[Start of section]

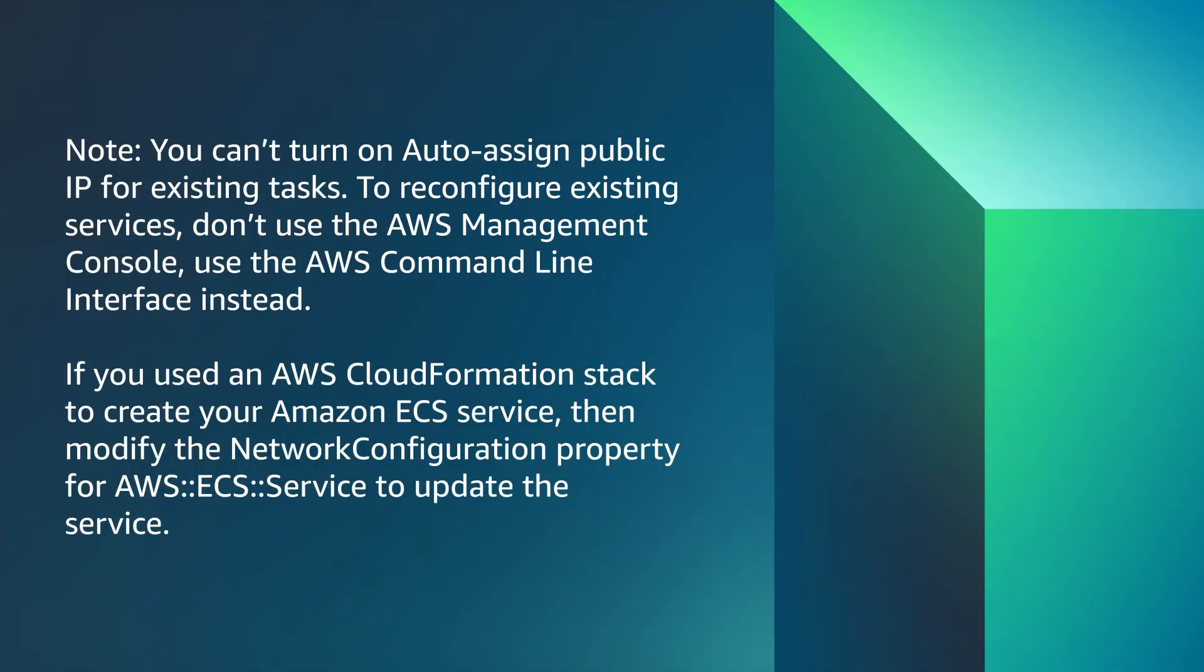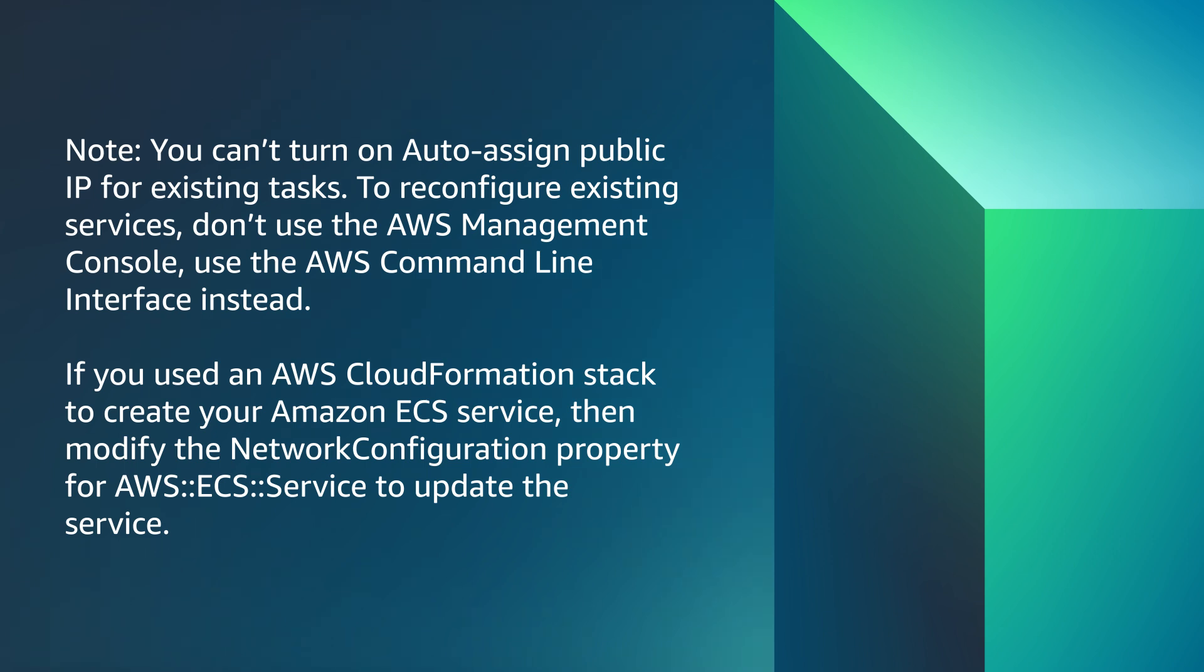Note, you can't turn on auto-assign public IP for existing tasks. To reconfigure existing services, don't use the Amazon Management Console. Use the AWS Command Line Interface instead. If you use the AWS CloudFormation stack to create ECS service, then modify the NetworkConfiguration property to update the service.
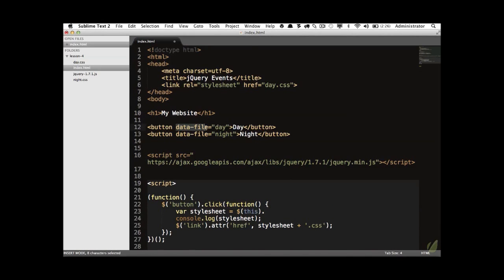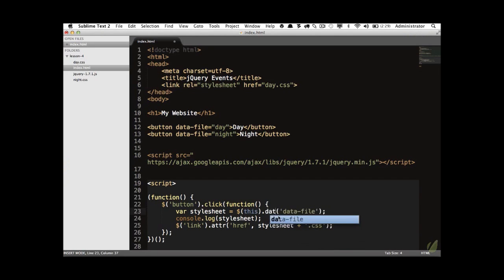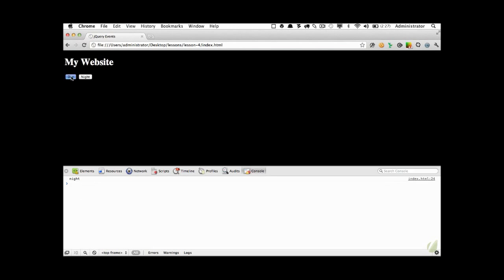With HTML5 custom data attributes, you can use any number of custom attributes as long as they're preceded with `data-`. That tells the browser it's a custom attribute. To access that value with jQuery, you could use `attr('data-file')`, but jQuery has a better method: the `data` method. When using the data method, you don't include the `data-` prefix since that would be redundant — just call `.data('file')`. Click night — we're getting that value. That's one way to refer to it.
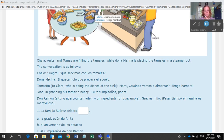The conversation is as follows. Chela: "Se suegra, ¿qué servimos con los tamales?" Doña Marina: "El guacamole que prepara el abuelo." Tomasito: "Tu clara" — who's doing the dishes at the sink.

[End of section]

What is needed here is an exact repetition of the listing above, pictures excluded.

Note, you can't turn on auto-assign public IP for existing tasks. To reconfigure existing services, don't use the Amazon Management Console. Use the AWS Command Line Interface instead. If you use the AWS CloudFormation stack to create ECS service, then modify the NetworkConfiguration property to update the service.
With HTML5 custom data attributes, you can use any number of custom attributes as long as they're preceded with `data-`. That tells the browser it's a custom attribute. To access that value with jQuery, you could use `attr('data-file')`, but jQuery has a better method: the `data` method. When using the data method, you don't include the `data-` prefix since that would be redundant — just call `.data('file')`. Click night — we're getting that value. That's one way to refer to it.
The conversation is as follows. Chela: "Se suegra, ¿qué servimos con los tamales?" Doña Marina: "El guacamole que prepara el abuelo." Tomasito: "Tu clara" — who's doing the dishes at the sink.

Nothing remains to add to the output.